WORK REQUIRED: Look in the listing below for the line that has "Fotografia şocantă care", then return it and each following line up to and including the one with "One Day and Immediate Dental Implants, Bangkok One", exactly and without pictures.

ENTRIES PROVIDED:
>>>

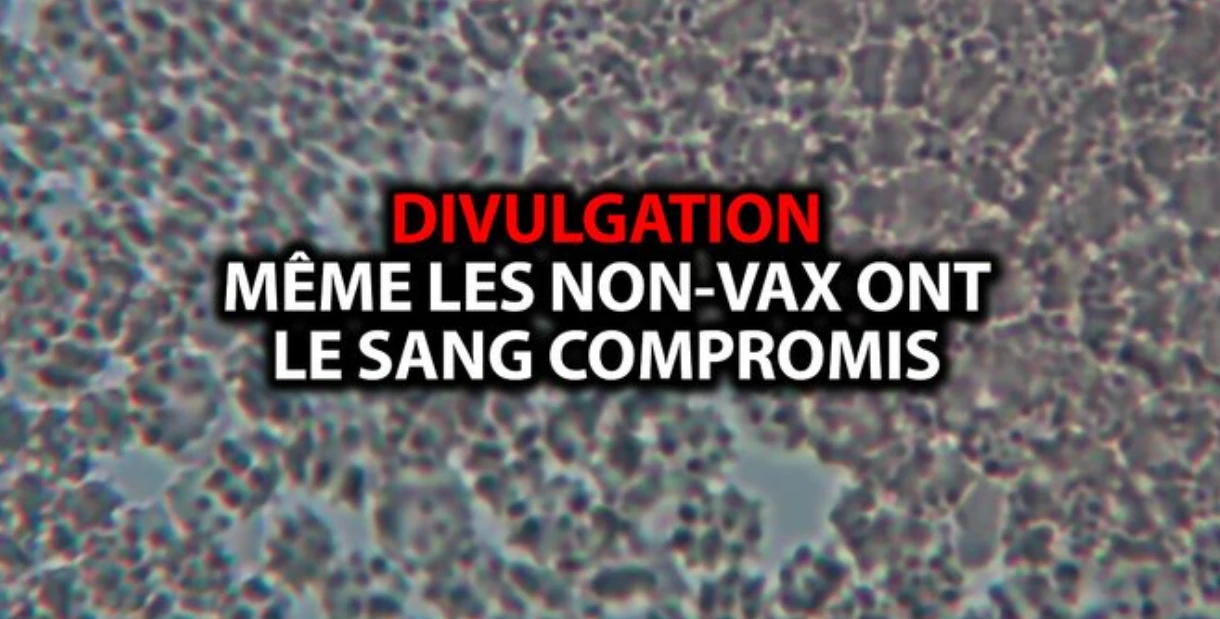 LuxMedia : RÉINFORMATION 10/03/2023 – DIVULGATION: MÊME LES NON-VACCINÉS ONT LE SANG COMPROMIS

<<<
>>>

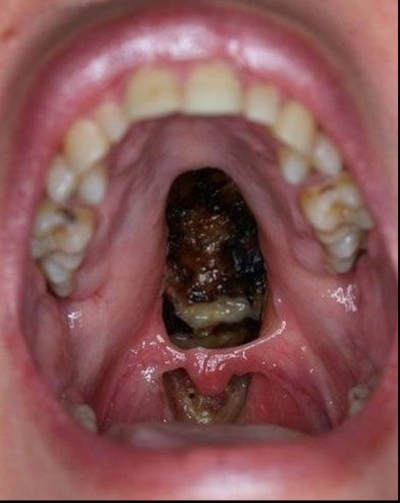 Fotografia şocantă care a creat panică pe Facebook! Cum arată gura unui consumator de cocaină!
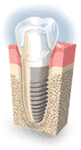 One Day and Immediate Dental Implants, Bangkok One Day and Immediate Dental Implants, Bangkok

<<<

ANSWER SPACE:
 Fotografia şocantă care a creat panică pe Facebook! Cum arată gura unui consumator de cocaină!
 One Day and Immediate Dental Implants, Bangkok One Day and Immediate Dental Implants, Bangkok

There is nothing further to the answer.